Se la fronda Pd sperava di aver spaventato Matteo Renzi, dichiarandogli guerra sull'articolo 18, ieri il premier ha provveduto a disilluderla, più o meno a ceffoni. Verbali, si intende: a chi - da Vendola a Fassina a Bersani - lo accusa di fare «le politiche della destra» sul lavoro, replica agguerrito attraverso una lettera aperta agli iscritti Pd diffusa ieri: «A me hanno insegnato che essere di sinistra significa combattere un'ingiustizia, non conservarla. Difendere l'esistente è difendere le diseguaglianze». Attacca, mettendo direttamente nel mirino il suo predecessore Bersani, che sembra sognare la riscossa mettendosi alla testa dell'opposizione al premier sul Jobs Act: «Nel nostro partito c'è chi vuole cogliere la palla al balzo per tornare agli scontri ideologici e magari riportare il Pd del 25%. Noi no». E poi la sfida: «Siamo qui per cambiare l'Italia e non accetteremo mai di fare le foglie di fico alla vecchia guardia che a volte ritorna. O almeno ci prova».

In quell'«almeno ci prova» c'è tutta la determinazione del premier, che del resto pare tutt'altro che intimidito dalla resistenza sia nel Pd che nel sindacato: «Non si rendono neppure conto che non mi possono fare favore migliore che mettersi tutti insieme contro di me: D'Alema, Bersani, Cuperlo, Camusso. Ottimo», è il ragionamento che consegna a chi tra i suoi si preoccupa per l'esito dello scontro interno. Lui lo scontro lo vuole affrontare fino in fondo, nella convinzione che è da qui che passerà il radicale rinnovamento ideologico e di costume che vuole imporre al Pd, e lo spartiacque definitivo nei rapporti col sindacato.

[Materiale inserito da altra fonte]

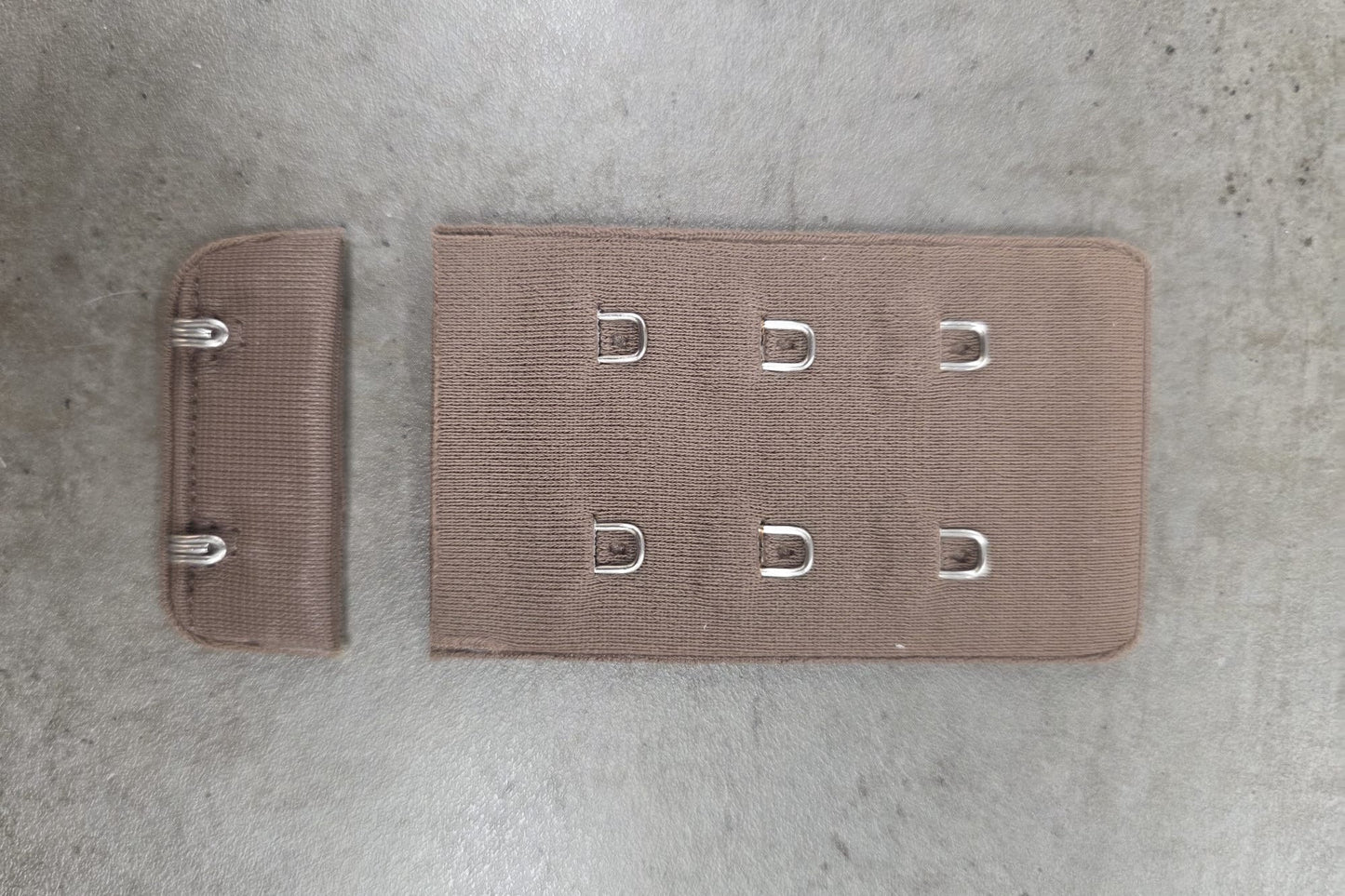 Sluiting Taupe 2 haaks Soys Kantjeboord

E all'indomani del bellicoso video-messaggio del premier la Cgil ammorbidisce i toni: «Basta insulti al sindacato, guardiamoci negli occhi e discutiamone». Un invito al dialogo cui in verità anche a Corso d'Italia non credono molto, visto che Renzi dai rituali “tavoli” concertativi è sempre stato ben alla larga, convinti che il presidente del Consiglio andrà per la sua strada e che alla fine «anche in Parlamento si farà come dice lui», con buona pace delle grida di battaglia della sinistra Pd. Ma la Cgil tenta di divincolarsi dal ruolo di eterno signor-no a qualsiasi riforma che Renzi gli ha cucito addosso: «Noi la riforma del lavoro la vogliamo eccome, ma seria: sì al contratto a tutele crescenti, purché alla fine del percorso ci sia la pienezza dei diritti del lavoratore». E poi il fronte sindacale si è già diviso - come il premier aveva previsto coi suoi - e la Cisl di Bonanni si è decisamente smarcata, aprendo alla «rimodulazione» dell'articolo 18 e attaccando la Camusso: «Farebbe bene ad astenersi dal dire al premier che è come la Thatcher». Mentre Renzi, secondo il capo Cisl, «fa bene a mantenere questo profilo».

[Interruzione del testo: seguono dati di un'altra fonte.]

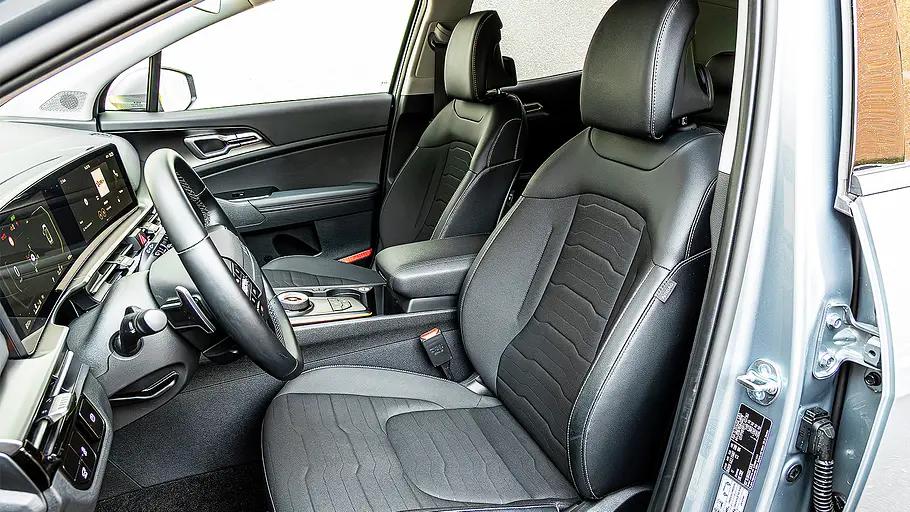 Blick auf die Vordersitze im Innenraum des Kia Sportage.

Ma c'è un altro fronte interno che non lascia tranquilla la Camusso sull'esito della sfida al governo Renzi: quello della Fiom. Certo, Landini fa la voce grossa sull'articolo 18. Ma al premier, con cui si è a lungo parlato di intesa tra “rottamatori”, manda un messaggio neppure troppo criptato: «Se vuole dialogare con noi, faccia la riforma della rappresentanza sindacale». E Renzi confidava proprio ieri a Repubblica : «Sono pronto a discutere una legge sulla rappresentanza sindacale, che è solo la Fiom a volere. E questo brucia agli altri sindacati». Nella Cgil, infatti, sono convinti che «tra i due ci sia un patto: Renzi darà a Landini la rappresentanza, e in cambio Landini non romperà sull'articolo 18».

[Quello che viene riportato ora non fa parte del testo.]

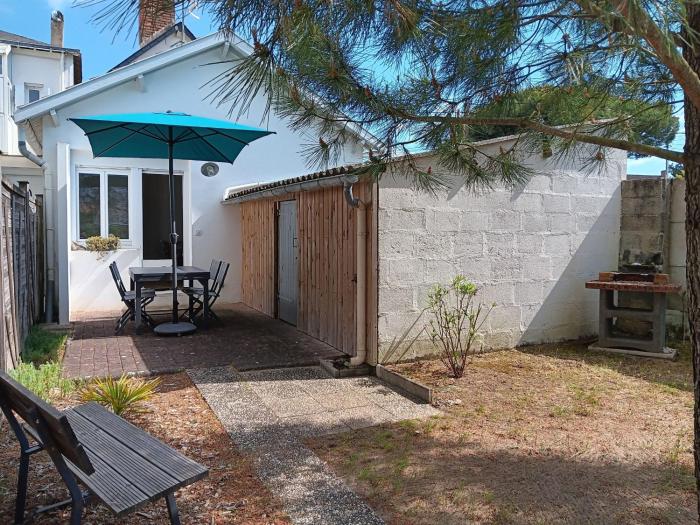 Maison de Charme Proche Plage et Commerces, 5 Pers. - FR-1-476-232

In due giorni il fronte sindacale si è insomma già sfrangiato, e la fronda Pd ancora non trova una linea comune davanti alla sfida del premier. Sintetizza bruscamente il senatore «giovane turco» Stefano Fassina: «Vogliamo fare un altro congresso Pd in aula? Tornare al match D'Alema-Cofferati? Io mi sono rotto le palle».